__Aim of the exercise__.
Repeat the listing word for word. Leave every picture out.

__Data segment__.

----

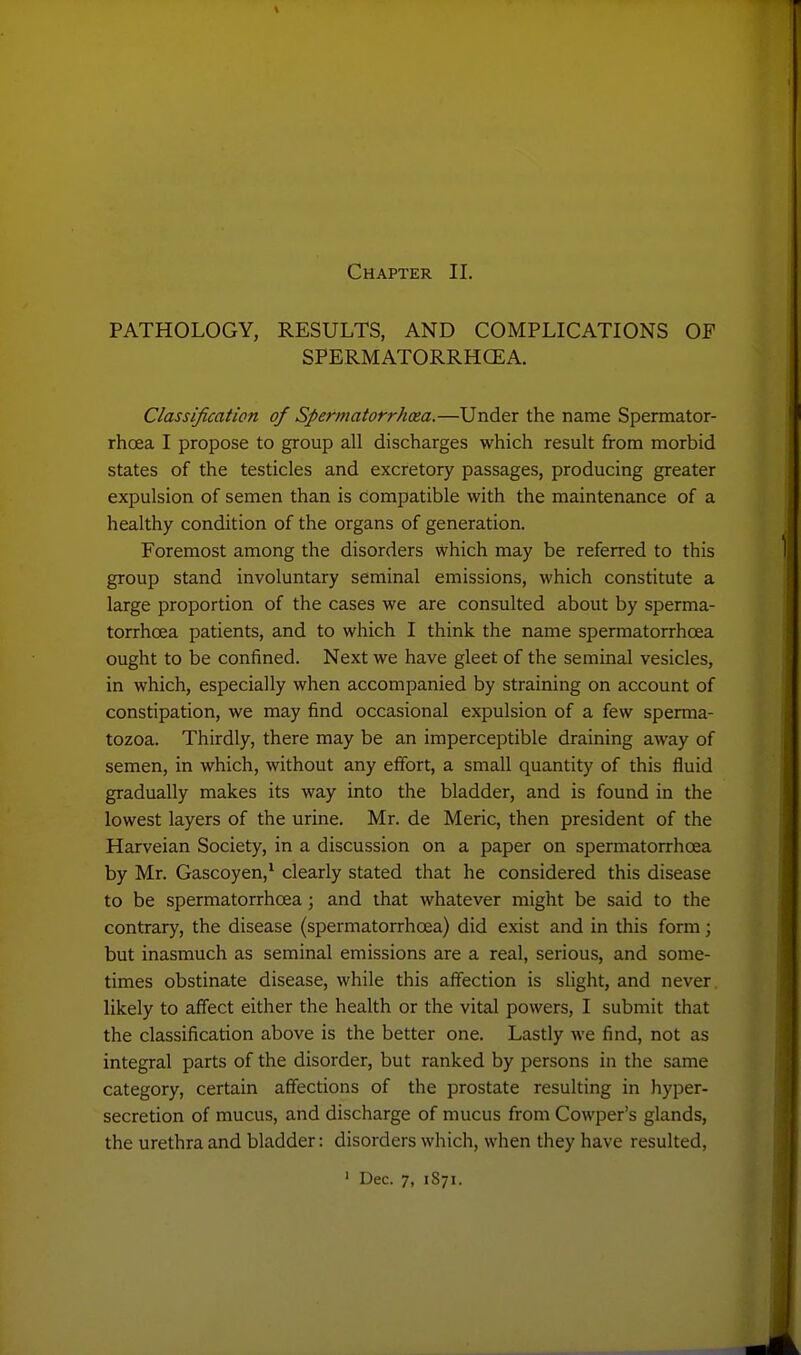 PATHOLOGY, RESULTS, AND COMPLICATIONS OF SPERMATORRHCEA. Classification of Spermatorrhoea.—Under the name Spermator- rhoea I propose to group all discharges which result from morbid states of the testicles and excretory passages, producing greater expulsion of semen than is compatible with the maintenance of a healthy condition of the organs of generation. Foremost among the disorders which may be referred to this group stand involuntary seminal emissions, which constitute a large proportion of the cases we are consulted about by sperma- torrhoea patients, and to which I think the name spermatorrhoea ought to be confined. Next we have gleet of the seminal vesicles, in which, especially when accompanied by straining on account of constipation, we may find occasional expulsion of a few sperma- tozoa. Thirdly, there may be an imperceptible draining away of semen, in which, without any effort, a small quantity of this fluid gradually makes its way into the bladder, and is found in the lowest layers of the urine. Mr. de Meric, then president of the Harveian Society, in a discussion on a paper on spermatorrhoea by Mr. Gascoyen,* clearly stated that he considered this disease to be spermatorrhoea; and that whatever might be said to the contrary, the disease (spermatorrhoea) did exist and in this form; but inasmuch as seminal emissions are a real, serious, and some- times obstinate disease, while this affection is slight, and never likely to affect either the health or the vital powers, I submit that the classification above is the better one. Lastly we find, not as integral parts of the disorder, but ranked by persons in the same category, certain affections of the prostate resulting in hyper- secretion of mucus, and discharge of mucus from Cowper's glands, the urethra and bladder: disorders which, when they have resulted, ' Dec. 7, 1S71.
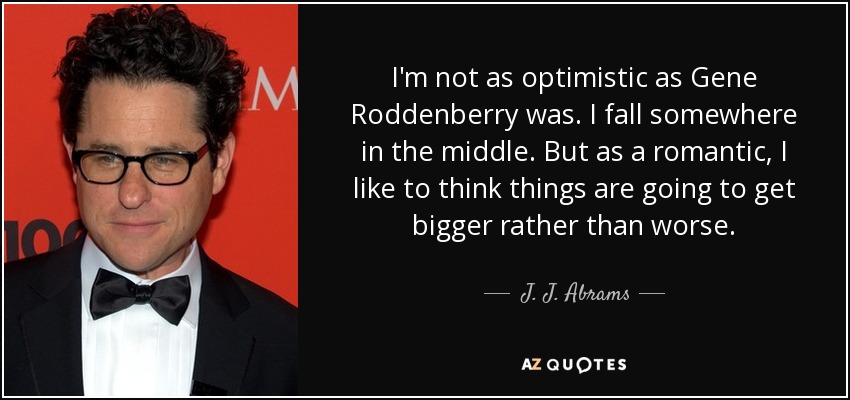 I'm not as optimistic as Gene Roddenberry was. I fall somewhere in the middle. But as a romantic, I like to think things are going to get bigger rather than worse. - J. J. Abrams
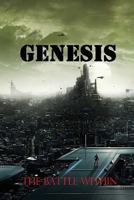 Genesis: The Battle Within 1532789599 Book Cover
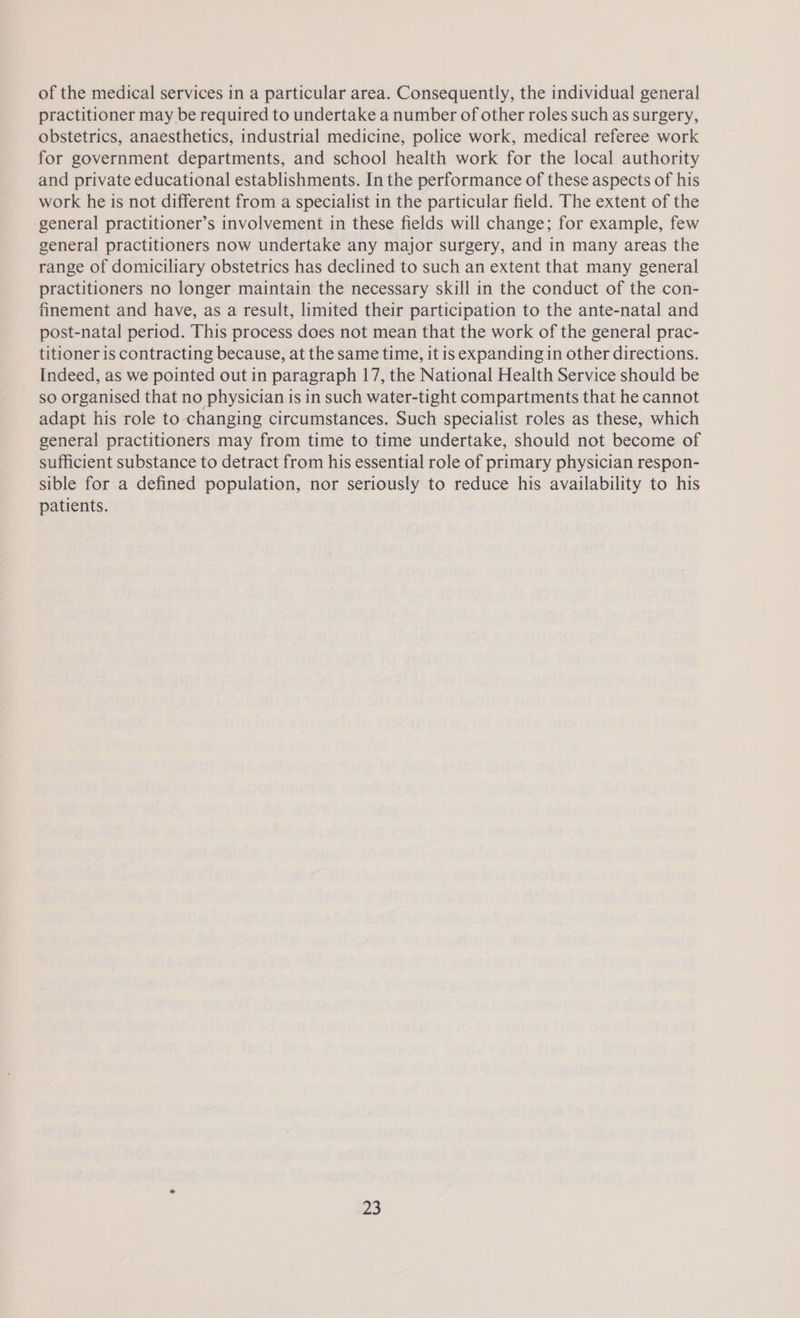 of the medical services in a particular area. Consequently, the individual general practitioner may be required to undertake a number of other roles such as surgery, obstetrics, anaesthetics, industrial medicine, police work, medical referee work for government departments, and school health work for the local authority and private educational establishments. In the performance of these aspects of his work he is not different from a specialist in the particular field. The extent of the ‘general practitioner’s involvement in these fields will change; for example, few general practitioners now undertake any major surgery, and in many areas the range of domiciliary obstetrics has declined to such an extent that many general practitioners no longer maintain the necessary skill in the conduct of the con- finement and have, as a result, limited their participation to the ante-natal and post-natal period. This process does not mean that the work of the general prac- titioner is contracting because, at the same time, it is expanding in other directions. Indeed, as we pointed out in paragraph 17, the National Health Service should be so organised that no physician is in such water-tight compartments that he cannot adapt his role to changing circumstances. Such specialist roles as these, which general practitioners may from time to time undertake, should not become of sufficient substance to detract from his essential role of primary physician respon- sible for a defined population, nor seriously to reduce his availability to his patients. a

----

__Answer to the exercise__.
 PATHOLOGY, RESULTS, AND COMPLICATIONS OF SPERMATORRHCEA. Classification of Spermatorrhoea.—Under the name Spermator- rhoea I propose to group all discharges which result from morbid states of the testicles and excretory passages, producing greater expulsion of semen than is compatible with the maintenance of a healthy condition of the organs of generation. Foremost among the disorders which may be referred to this group stand involuntary seminal emissions, which constitute a large proportion of the cases we are consulted about by sperma- torrhoea patients, and to which I think the name spermatorrhoea ought to be confined. Next we have gleet of the seminal vesicles, in which, especially when accompanied by straining on account of constipation, we may find occasional expulsion of a few sperma- tozoa. Thirdly, there may be an imperceptible draining away of semen, in which, without any effort, a small quantity of this fluid gradually makes its way into the bladder, and is found in the lowest layers of the urine. Mr. de Meric, then president of the Harveian Society, in a discussion on a paper on spermatorrhoea by Mr. Gascoyen,* clearly stated that he considered this disease to be spermatorrhoea; and that whatever might be said to the contrary, the disease (spermatorrhoea) did exist and in this form; but inasmuch as seminal emissions are a real, serious, and some- times obstinate disease, while this affection is slight, and never likely to affect either the health or the vital powers, I submit that the classification above is the better one. Lastly we find, not as integral parts of the disorder, but ranked by persons in the same category, certain affections of the prostate resulting in hyper- secretion of mucus, and discharge of mucus from Cowper's glands, the urethra and bladder: disorders which, when they have resulted, ' Dec. 7, 1S71.
 I'm not as optimistic as Gene Roddenberry was. I fall somewhere in the middle. But as a romantic, I like to think things are going to get bigger rather than worse. - J. J. Abrams
 Genesis: The Battle Within 1532789599 Book Cover
 of the medical services in a particular area. Consequently, the individual general practitioner may be required to undertake a number of other roles such as surgery, obstetrics, anaesthetics, industrial medicine, police work, medical referee work for government departments, and school health work for the local authority and private educational establishments. In the performance of these aspects of his work he is not different from a specialist in the particular field. The extent of the ‘general practitioner’s involvement in these fields will change; for example, few general practitioners now undertake any major surgery, and in many areas the range of domiciliary obstetrics has declined to such an extent that many general practitioners no longer maintain the necessary skill in the conduct of the con- finement and have, as a result, limited their participation to the ante-natal and post-natal period. This process does not mean that the work of the general prac- titioner is contracting because, at the same time, it is expanding in other directions. Indeed, as we pointed out in paragraph 17, the National Health Service should be so organised that no physician is in such water-tight compartments that he cannot adapt his role to changing circumstances. Such specialist roles as these, which general practitioners may from time to time undertake, should not become of sufficient substance to detract from his essential role of primary physician respon- sible for a defined population, nor seriously to reduce his availability to his patients. a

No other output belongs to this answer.